A Thin-Layer Electrochemical Cell for Infrared Spectroscopic Measurements of the Electrode/Electrolyte Interface

Abstract

A thin-layer electrochemical cell which allows for the convenient measurement of infrared reflection-absorption spectra (IRRAS) of the electrode/electrolyte interphase has been designed and built. In order to minimize the thickness of the electrolyte in front of the electrode surface, one mounts the working electrode on the end of a piston so that it can be pressed against an infrared window. Infrared radiation is then reflected from the electrode surface via the infrared window without experiencing severe attenuation due to the electrolyte. Contaminants are minimized by the machining of both the cell body and piston from an inert fluorocarbon plastic.
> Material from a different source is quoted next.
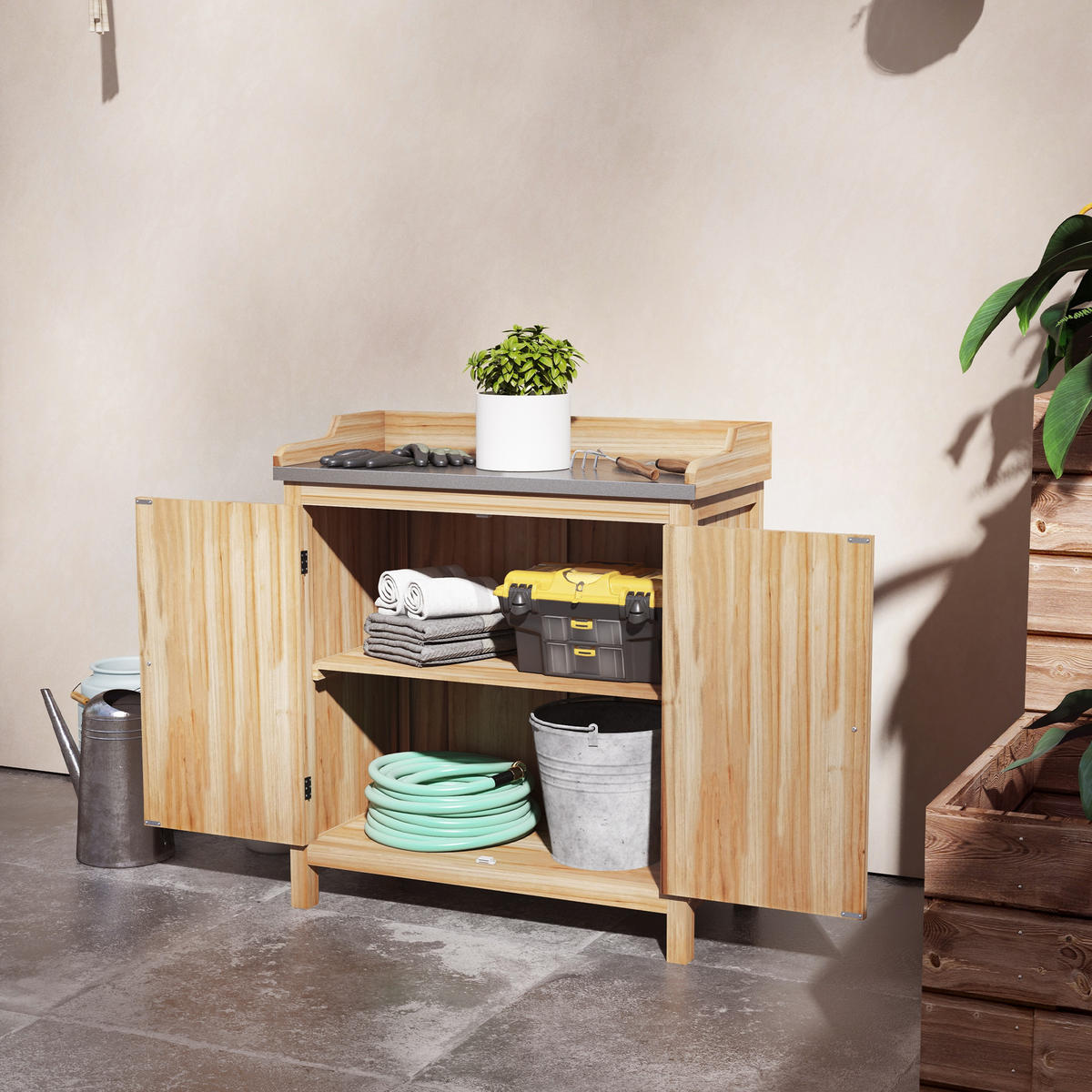 PFLANZTISCH DE-18938 Naturholz - Naturfarben, Holzwerkstoff (83/40/92cm) - ComfortXL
Calcium fluoride was chosen as the window material because of its transparency, its low refractive index, and its low solubility in aqueous electrolyte. The use of this cell in a Fourier transform infrared reflection-absorption spectrometer utilizing polarization modulation is described. The IRRAS spectra obtained from this cell have been analyzed with the use of the generalized Fresnel equations for stratified media. Some of the computational results for the water/silver electrode interphase are used to interpret the measured spectra of water near the electrode. The discussion includes infrared intensity distributions in aqueous media and their influence on the IRRAS measurement.